What If We Designed Revenue Sharing Notes That Gives Companies Runway?
Picture this: A company raises $500,000 with a 5x return target.
In the first 3 years, they pay nothing. Zero revenue share. All capital goes to building, hiring, and developing products. Us investors signed up knowing this, we’re intentionally providing patient capital.
By the 4th year, the company hit its stride. They start sharing 3% of revenue. Not enough to constrain growth, but investors see the first returns tied to actual performance.
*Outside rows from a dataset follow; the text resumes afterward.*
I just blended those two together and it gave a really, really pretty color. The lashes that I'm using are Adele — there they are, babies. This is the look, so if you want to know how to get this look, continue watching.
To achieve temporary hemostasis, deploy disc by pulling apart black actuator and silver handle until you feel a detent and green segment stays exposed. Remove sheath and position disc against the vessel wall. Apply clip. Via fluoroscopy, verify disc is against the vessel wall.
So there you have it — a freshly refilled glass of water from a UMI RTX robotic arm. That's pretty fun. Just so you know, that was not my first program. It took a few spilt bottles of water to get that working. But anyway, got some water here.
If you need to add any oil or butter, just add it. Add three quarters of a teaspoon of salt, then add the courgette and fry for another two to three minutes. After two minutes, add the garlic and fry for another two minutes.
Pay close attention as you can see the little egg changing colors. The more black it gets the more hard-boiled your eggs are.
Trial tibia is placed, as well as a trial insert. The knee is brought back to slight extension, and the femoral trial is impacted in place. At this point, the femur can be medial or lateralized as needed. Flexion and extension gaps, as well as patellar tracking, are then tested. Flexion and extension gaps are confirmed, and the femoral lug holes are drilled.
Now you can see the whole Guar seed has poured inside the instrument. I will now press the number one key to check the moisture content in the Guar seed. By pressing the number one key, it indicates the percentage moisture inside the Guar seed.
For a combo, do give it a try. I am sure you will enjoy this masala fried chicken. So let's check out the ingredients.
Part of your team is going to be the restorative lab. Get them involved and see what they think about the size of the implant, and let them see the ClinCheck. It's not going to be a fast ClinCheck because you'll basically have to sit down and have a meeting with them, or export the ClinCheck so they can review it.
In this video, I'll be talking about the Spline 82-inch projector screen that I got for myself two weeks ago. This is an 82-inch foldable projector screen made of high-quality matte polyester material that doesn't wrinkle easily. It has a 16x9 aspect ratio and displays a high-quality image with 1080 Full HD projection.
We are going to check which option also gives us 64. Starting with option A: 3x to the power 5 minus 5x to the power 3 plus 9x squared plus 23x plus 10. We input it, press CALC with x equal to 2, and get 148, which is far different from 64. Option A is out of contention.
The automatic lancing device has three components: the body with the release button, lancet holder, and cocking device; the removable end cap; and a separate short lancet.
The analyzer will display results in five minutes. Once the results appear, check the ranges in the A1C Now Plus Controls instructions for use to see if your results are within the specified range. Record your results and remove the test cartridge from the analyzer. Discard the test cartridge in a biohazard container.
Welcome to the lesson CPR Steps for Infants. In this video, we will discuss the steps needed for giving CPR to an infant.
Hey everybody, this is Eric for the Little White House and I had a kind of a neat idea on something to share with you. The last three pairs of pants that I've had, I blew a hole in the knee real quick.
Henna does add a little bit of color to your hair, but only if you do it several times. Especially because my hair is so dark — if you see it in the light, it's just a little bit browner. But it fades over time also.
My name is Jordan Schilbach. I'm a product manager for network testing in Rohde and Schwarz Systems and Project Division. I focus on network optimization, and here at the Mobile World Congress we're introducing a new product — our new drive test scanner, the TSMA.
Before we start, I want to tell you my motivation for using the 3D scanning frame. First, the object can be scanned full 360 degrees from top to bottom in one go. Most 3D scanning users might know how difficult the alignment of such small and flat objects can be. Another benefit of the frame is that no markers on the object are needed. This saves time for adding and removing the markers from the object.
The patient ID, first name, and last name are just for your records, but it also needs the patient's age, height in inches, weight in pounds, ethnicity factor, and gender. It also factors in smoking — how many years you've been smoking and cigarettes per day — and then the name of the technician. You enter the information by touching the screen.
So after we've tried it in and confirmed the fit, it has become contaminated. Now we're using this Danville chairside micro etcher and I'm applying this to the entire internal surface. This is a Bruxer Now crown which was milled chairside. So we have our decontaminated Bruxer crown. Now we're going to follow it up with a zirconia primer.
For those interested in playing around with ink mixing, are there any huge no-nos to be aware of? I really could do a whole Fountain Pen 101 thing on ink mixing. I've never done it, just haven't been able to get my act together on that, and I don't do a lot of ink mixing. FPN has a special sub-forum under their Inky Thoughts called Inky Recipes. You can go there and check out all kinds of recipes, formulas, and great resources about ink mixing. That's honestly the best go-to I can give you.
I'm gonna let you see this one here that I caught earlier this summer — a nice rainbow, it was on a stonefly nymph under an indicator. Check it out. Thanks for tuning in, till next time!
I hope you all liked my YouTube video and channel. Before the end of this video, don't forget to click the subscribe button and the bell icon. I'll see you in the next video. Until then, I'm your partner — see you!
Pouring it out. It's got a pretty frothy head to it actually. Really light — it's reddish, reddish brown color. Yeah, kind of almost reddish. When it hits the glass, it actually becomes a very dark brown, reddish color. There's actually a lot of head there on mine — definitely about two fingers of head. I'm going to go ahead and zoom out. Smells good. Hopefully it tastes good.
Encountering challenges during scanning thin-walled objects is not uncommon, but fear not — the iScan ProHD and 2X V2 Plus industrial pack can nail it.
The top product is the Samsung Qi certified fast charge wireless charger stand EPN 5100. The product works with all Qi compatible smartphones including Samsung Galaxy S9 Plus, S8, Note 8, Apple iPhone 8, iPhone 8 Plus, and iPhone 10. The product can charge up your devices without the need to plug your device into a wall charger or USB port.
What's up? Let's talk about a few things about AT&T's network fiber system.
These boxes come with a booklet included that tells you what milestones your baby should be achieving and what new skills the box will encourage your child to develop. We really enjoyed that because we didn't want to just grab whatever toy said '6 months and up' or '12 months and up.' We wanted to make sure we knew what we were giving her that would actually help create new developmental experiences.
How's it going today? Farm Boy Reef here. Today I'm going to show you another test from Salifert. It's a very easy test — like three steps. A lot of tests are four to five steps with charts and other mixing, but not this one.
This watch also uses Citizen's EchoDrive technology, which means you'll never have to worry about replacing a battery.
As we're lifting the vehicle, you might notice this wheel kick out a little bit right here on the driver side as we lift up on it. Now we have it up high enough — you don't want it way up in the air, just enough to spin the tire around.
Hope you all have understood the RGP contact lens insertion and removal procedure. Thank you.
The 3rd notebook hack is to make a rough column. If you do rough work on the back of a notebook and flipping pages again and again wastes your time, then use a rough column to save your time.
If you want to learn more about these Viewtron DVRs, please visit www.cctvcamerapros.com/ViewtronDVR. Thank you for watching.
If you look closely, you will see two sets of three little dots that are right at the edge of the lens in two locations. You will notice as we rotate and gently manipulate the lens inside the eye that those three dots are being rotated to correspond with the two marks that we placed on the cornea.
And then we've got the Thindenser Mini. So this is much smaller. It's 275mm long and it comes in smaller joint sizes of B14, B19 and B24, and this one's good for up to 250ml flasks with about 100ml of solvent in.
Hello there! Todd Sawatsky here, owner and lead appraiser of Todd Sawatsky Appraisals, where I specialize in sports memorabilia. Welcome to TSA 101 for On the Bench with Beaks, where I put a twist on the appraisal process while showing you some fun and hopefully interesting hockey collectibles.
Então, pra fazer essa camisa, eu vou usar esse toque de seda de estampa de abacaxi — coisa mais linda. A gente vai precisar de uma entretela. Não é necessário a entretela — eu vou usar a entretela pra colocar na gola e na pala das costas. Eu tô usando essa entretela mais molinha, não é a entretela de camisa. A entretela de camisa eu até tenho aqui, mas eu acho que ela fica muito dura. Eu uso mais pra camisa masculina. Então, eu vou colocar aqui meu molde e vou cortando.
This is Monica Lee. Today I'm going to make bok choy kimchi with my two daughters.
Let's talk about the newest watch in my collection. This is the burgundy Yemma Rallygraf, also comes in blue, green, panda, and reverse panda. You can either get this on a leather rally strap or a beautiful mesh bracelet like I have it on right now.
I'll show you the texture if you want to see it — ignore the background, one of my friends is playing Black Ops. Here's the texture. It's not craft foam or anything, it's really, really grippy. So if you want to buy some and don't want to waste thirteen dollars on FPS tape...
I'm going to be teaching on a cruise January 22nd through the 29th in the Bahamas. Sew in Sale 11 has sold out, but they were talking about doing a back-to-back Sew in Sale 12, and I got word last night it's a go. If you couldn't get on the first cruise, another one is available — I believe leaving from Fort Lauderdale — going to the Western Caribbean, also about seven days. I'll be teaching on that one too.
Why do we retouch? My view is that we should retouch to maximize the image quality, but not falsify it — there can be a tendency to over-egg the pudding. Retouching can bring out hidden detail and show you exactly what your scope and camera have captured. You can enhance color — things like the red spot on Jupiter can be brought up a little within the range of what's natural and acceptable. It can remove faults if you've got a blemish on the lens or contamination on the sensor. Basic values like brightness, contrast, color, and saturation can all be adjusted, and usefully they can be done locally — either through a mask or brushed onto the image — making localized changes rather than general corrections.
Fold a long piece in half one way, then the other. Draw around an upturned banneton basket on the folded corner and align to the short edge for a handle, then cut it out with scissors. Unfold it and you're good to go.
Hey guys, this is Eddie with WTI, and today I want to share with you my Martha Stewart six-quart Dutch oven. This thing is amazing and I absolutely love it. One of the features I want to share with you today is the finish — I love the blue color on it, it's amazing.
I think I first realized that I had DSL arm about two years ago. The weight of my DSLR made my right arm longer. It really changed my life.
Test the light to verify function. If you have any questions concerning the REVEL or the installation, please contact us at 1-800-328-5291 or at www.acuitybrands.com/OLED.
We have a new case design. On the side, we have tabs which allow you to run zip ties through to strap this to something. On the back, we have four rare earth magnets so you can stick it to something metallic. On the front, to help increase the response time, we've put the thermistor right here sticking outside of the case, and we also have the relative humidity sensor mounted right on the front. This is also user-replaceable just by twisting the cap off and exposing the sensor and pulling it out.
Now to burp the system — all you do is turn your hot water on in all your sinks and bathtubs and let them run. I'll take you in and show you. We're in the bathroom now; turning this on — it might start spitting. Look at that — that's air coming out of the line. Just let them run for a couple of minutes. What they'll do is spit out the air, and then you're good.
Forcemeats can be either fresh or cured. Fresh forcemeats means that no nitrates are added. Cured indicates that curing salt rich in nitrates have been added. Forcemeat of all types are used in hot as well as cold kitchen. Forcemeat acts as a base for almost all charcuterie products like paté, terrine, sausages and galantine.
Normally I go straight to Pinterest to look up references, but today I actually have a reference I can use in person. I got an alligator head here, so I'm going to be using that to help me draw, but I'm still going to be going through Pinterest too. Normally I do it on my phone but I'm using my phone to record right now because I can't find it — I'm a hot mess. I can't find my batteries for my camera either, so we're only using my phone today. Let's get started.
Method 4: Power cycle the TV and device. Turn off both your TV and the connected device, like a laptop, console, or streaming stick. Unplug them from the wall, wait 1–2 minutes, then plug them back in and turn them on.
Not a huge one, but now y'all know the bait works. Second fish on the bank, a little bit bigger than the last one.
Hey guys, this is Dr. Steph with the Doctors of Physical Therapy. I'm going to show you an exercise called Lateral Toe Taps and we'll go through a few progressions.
Years 5-6, the percentage increases gradually - 5%, then 7%. Company's still keeping the vast majority for growth, but the returns are accelerating.
After 7 years, full revenue share kicks in. Maybe 10-12% of revenue flows to investors until we hit that 5x multiple - $2.5M total. Then the agreement completes and the company is free and clear.
This is what patient capital actually looks like.
The company got a runway without payment pressure. Investors got 5x over roughly 10 years - about 17% IRR, competitive with VC returns. And it all came from business performance, not speculation.
Compare this to the same company raising equity. Those shares exist forever. They create perpetual growth pressure. Returns only come through dividends (rare), trading (speculation), or exit (maybe never). There's no defined completion, no clear path to freedom.
The patient rev-share note stays productive. The equity becomes speculative.
This protects early-stage companies while ensuring investors participate in success.
Our Regulation Crowdfunding community can achieve VC-level returns through productive instruments.
We don't need perpetual equity to fund high-growth companies.
We just need better-designed revenue-sharing structures.